* [Exercise requirements]
Output a faithful copy of the entries, every picture removed.
(Entries supplied Opens)
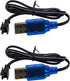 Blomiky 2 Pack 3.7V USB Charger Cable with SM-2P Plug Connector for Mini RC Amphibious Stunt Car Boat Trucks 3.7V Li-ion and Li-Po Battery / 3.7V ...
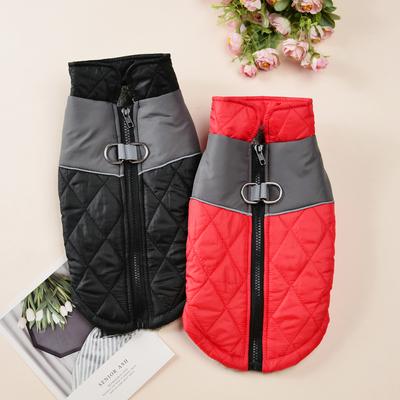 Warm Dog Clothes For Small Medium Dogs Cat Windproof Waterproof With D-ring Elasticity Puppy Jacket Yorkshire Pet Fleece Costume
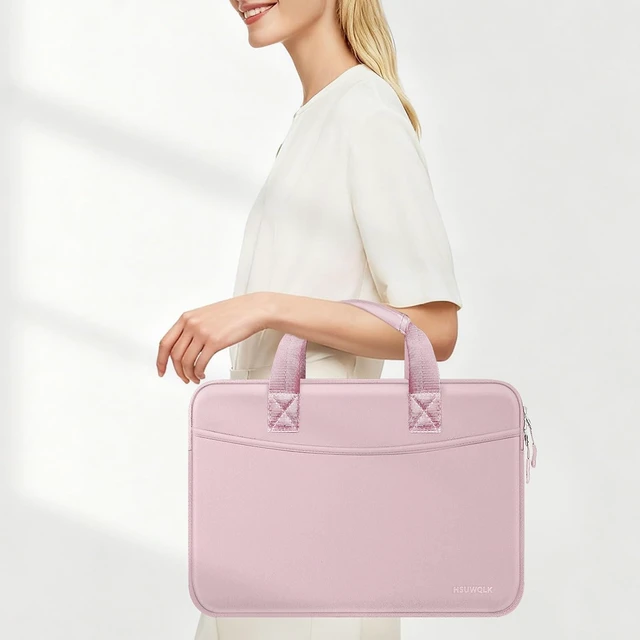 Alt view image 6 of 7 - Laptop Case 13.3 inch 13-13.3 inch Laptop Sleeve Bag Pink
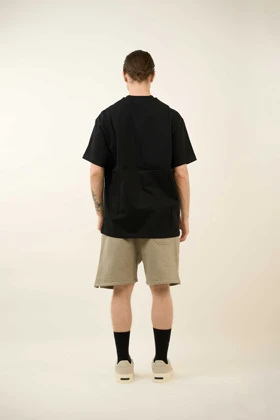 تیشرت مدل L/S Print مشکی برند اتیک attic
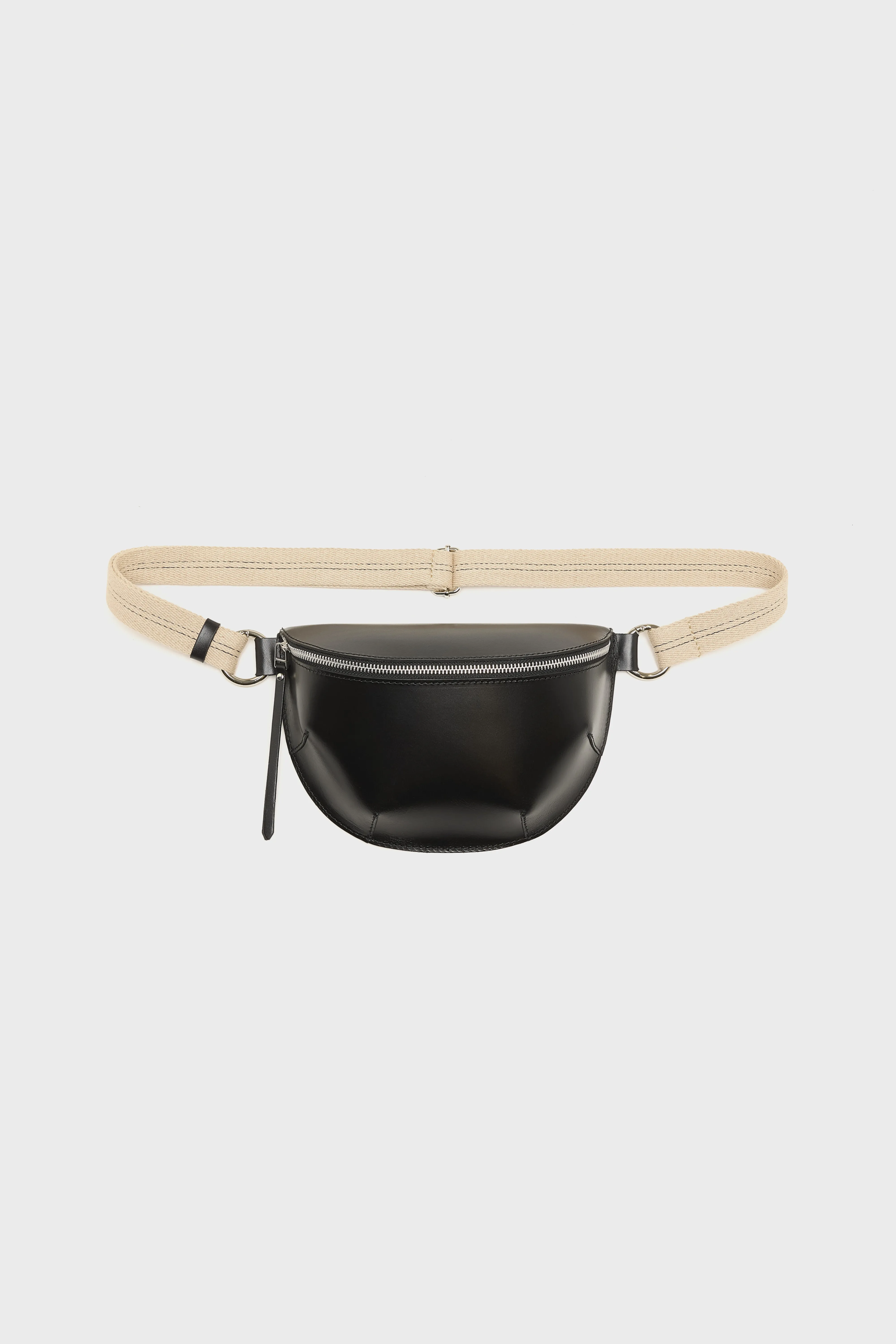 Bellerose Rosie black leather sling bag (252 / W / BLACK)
(Entries supplied Closes)
* [Solution for this exercise]
 Blomiky 2 Pack 3.7V USB Charger Cable with SM-2P Plug Connector for Mini RC Amphibious Stunt Car Boat Trucks 3.7V Li-ion and Li-Po Battery / 3.7V ...
 Warm Dog Clothes For Small Medium Dogs Cat Windproof Waterproof With D-ring Elasticity Puppy Jacket Yorkshire Pet Fleece Costume
 Alt view image 6 of 7 - Laptop Case 13.3 inch 13-13.3 inch Laptop Sleeve Bag Pink
 تیشرت مدل L/S Print مشکی برند اتیک attic
 Bellerose Rosie black leather sling bag (252 / W / BLACK)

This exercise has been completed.